Mientras leía esta extraordinaria narración, con la misma avidez con la que se lee una novela, no podía evitar pensar (salvando las oportunas distancias) en el relatode otro muchacho contemporáneo de Gobeo, el Discurso de mi vida del capitán Alonso de Contreras. «Salí a servir al rey de edad de catorce años», escribe este soldado en el título mismo de sus memorias. Apenas un adolescente.

Los tratados de ciencia de la época denominaban infancia a la etapa de la vida que iba desde el nacimiento hasta los cuatro años. Venía seguida de la puericia que finalizaba a los catorce, un tiempo dedicado a la escuela y a aprender un oficio. La etapa siguiente era la adolescencia, que transcurría entre los catorce y los 22 cumplidos, la fase de la vida —decían— para que el «futuro hombre» se hiciera.


«Después de un malhadado desembarco, peregrina 800 kilómetros por costas inhóspitas: estruja fango para beber, come raíces y cangrejos crudos, está a punto de ahogarse, ve morir a sus compañeros de expedición»
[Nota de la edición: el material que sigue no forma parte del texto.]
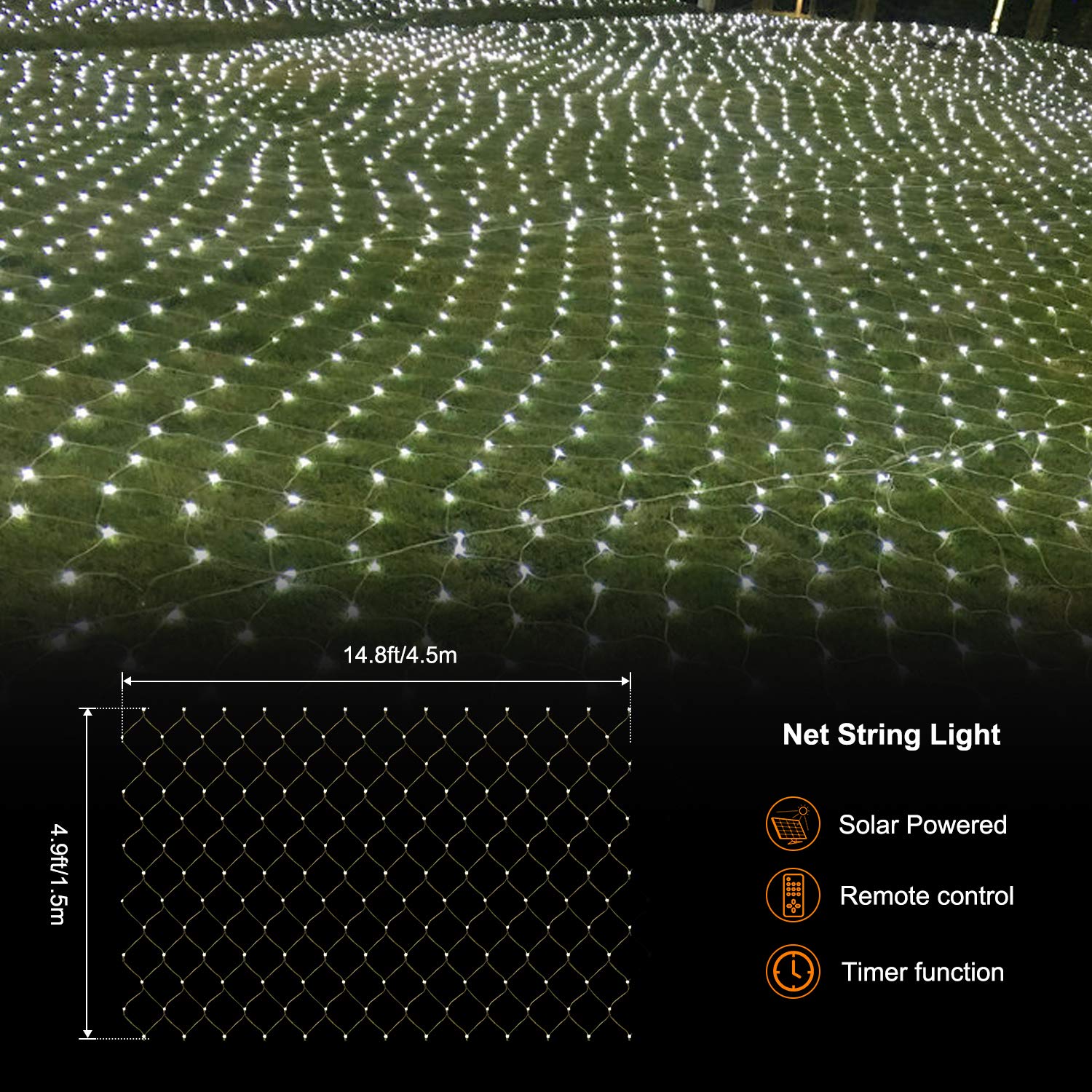 Psboxs Solar Powered Net String Lights Outdoor Christmas Net Light 15 X 5Ft Mesh Tree Fairy Light Garden Twinkle Lights With Remote For Lawn Fence Indoor Decor(White)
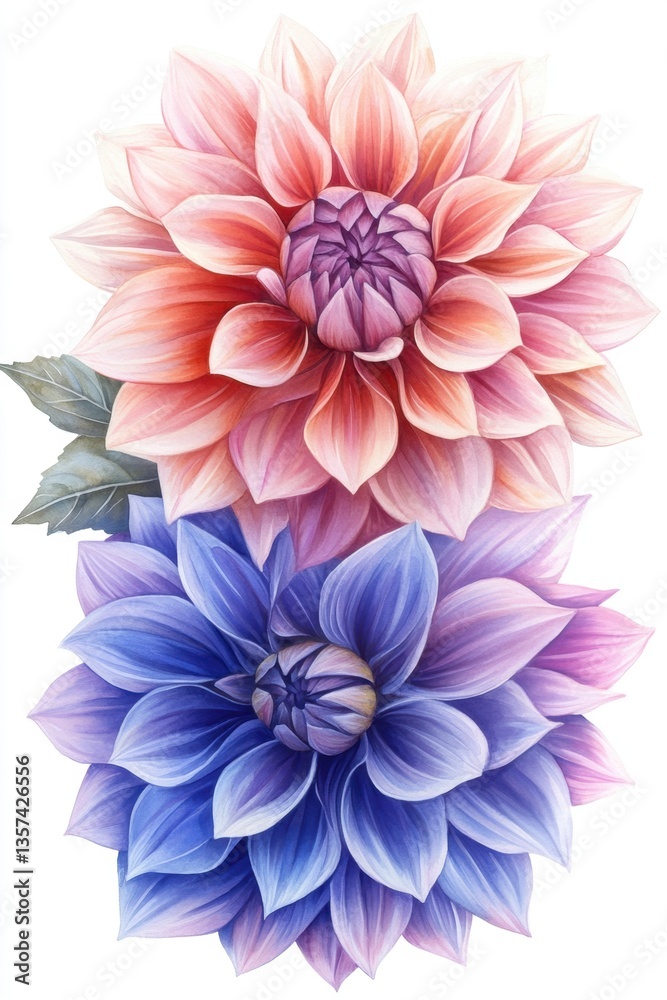 Fototapeta premium Two Elegant Dahlia Blooms in Watercolor Style with Soft Pastel Tones on White Background for Floral Design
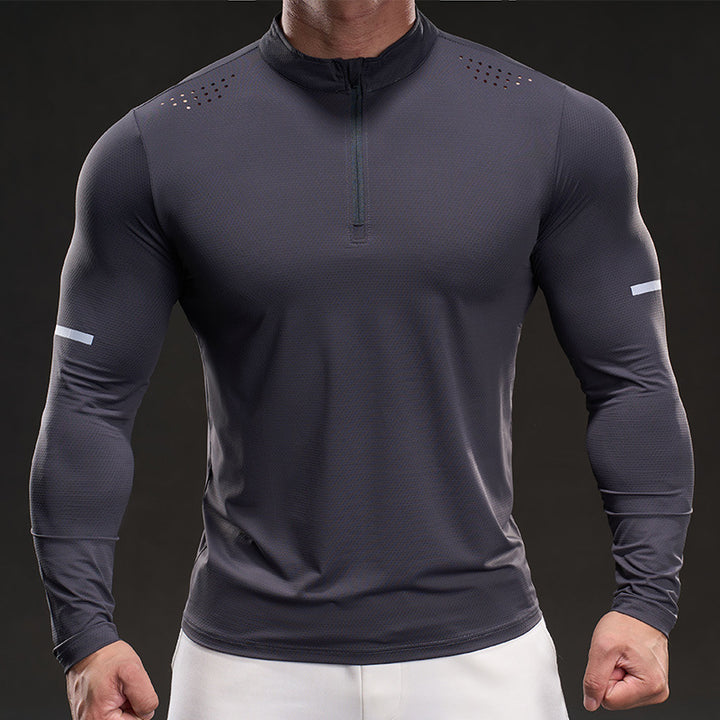 Men's Athletic Long Sleeve Shirt with Half Zipper Lisslune
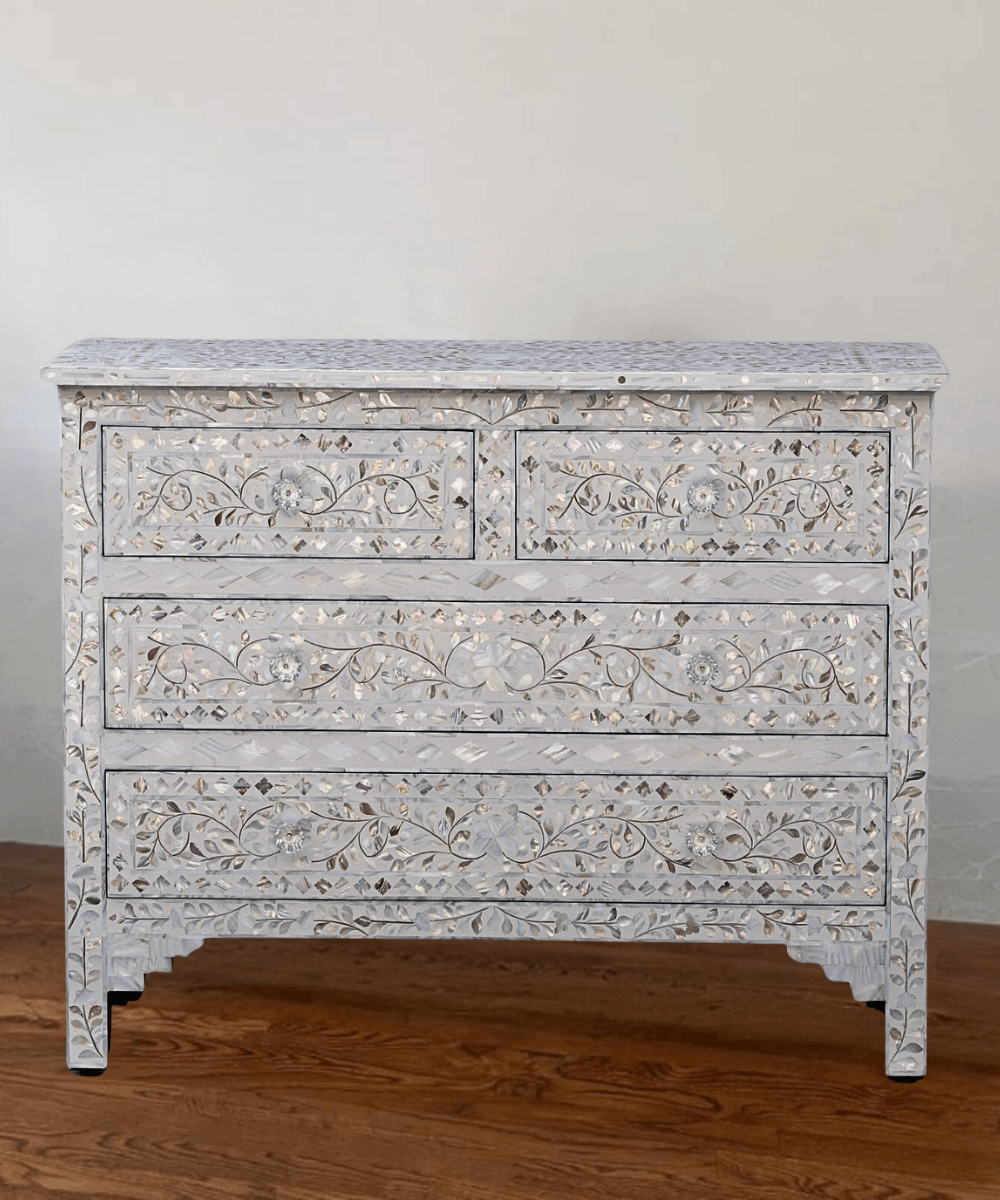 Niktan Export Mother of Pearl Floral Chest 4 Drawers White - NikTan Export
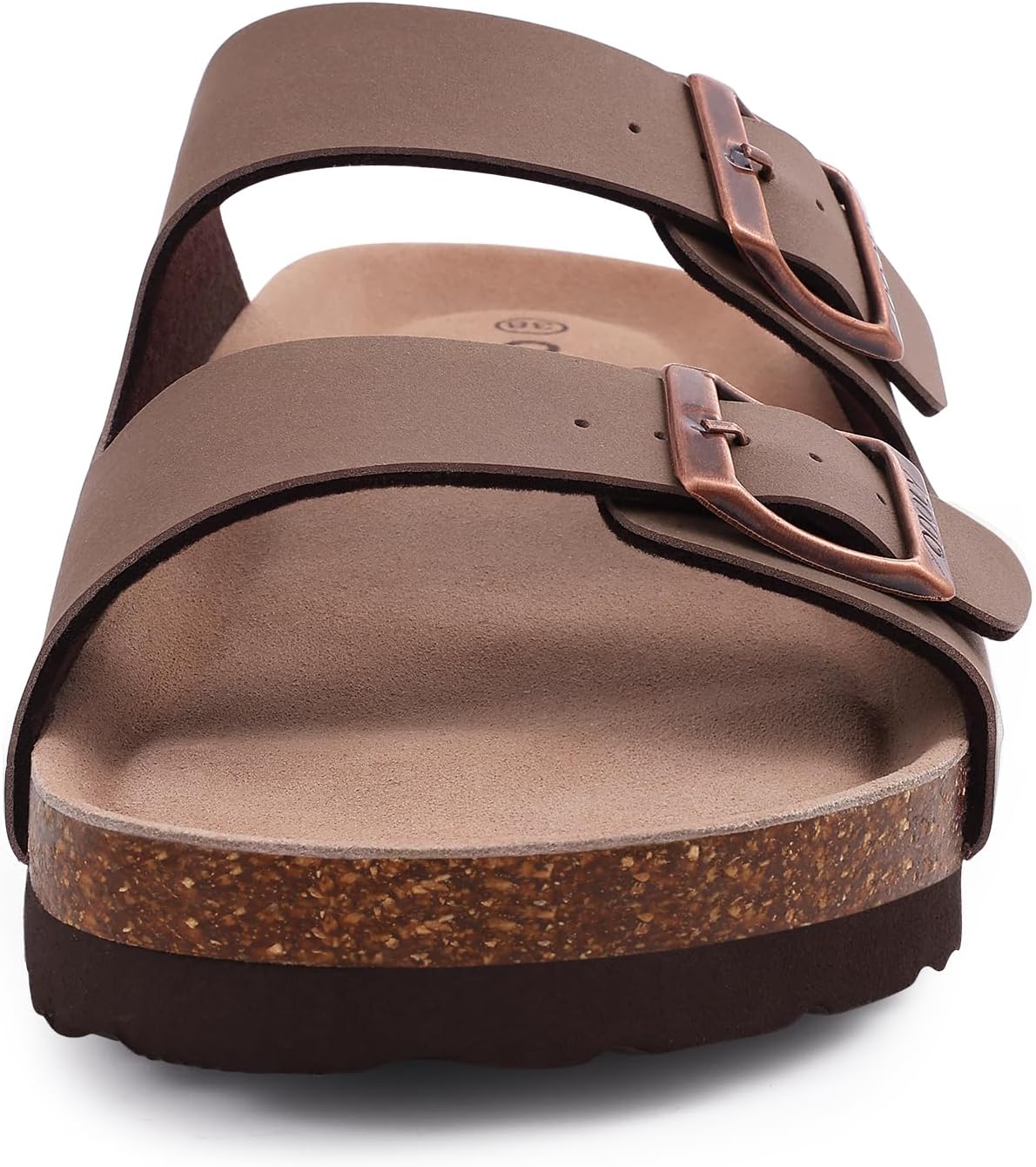 ODOLY Unisex Cork Footbed Slide Sandal, Arch Support Summer Outdoor Sandals with Adjustable Buckle for Women and Men - Image 3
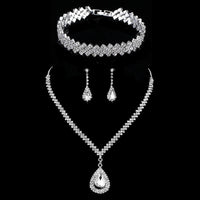 Necklace Earrings Bracelet Silver ColorAzizaK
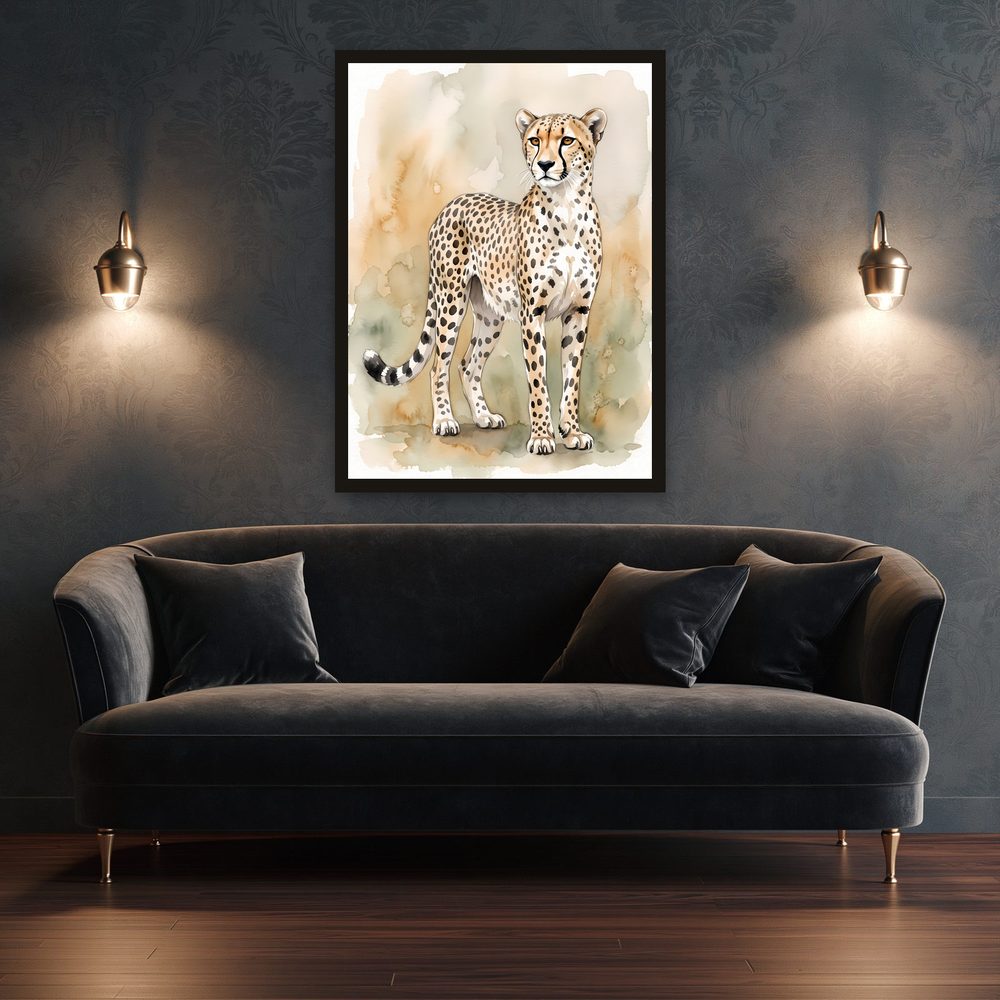 Watercolor Cheetah watercolor painting wall art by Brunelvi — Ansicht 3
Pedro Gobeo de Vitoria (Sevilla, 1580) estaba pues al final de la puericia cuando se subió a una galera, capitaneada por un tío suyo, camino del Perú, «y conmigo otros dos casi iguales en edad y deseos». A los pocos días de navegación, vivió con «miedo» una tormenta nocturna en mitad del Atlántico y entró en batalla, escopeta en mano, con corsarios escoceses; acaba herido y muerto uno de los chicos de su misma edad. Después de un malhadado desembarco, peregrina 800 kilómetros por costas inhóspitas: estruja fango para beber, come raíces y cangrejos crudos, está a punto de ahogarse, ve morir a sus compañeros de expedición (uno de ellos entre sus brazos); y «flaquísimo, consumido y deshecho» cava su propia sepultura, «ayudándome de una conchuela». Estaba solo: «me hinqué de rodillas, alzando al cielo las manos y ojos, ciegos de llorar». Tenía «quince años de tan corta y malograda vida que aún no se habían cumplido». Fue uno de los 18 de 60 que sobrevivió. A los 17 ingresó en la Compañía de Jesús.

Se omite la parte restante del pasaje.